_Exercise_
Go through the data below and copy each line that includes "esse".

_Task data_
--------------------------------------------------

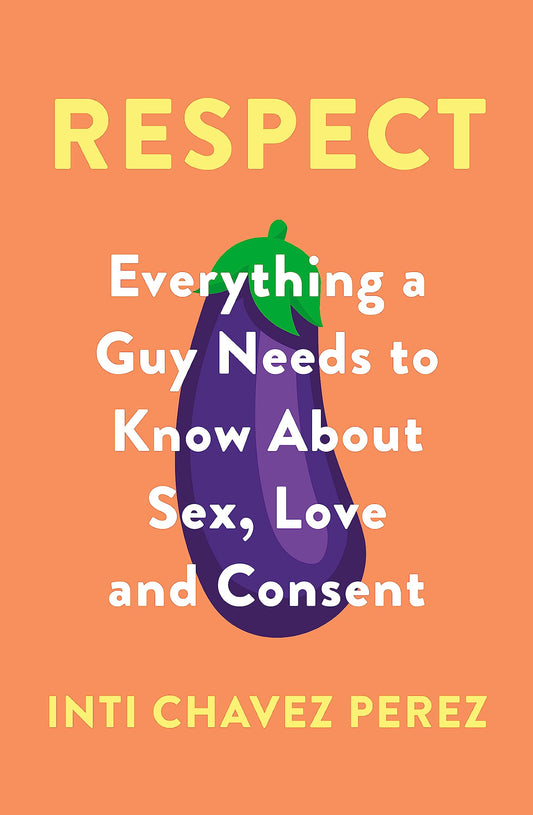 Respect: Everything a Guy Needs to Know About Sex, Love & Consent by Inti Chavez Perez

--------------------------------------------------

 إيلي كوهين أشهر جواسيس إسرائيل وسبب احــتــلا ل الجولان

--------------------------------------------------

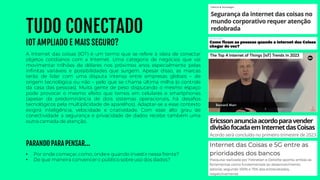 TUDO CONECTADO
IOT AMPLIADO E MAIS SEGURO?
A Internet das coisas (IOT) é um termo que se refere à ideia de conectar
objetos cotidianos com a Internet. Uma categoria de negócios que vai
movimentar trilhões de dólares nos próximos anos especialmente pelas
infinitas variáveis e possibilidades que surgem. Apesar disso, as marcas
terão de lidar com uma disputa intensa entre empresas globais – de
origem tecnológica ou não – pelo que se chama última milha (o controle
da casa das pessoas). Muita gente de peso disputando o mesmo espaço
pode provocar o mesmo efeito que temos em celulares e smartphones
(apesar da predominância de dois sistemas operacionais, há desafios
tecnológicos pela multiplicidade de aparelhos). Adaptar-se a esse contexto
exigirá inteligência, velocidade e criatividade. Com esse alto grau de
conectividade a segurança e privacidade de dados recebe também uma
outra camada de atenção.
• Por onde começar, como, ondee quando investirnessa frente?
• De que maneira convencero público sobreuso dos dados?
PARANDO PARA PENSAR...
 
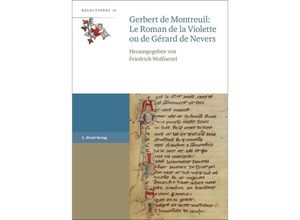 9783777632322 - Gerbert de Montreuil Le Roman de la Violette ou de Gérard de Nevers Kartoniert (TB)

--------------------------------------------------

_Task response_
tecnológicos pela multiplicidade de aparelhos). Adaptar-se a esse contexto
exigirá inteligência, velocidade e criatividade. Com esse alto grau de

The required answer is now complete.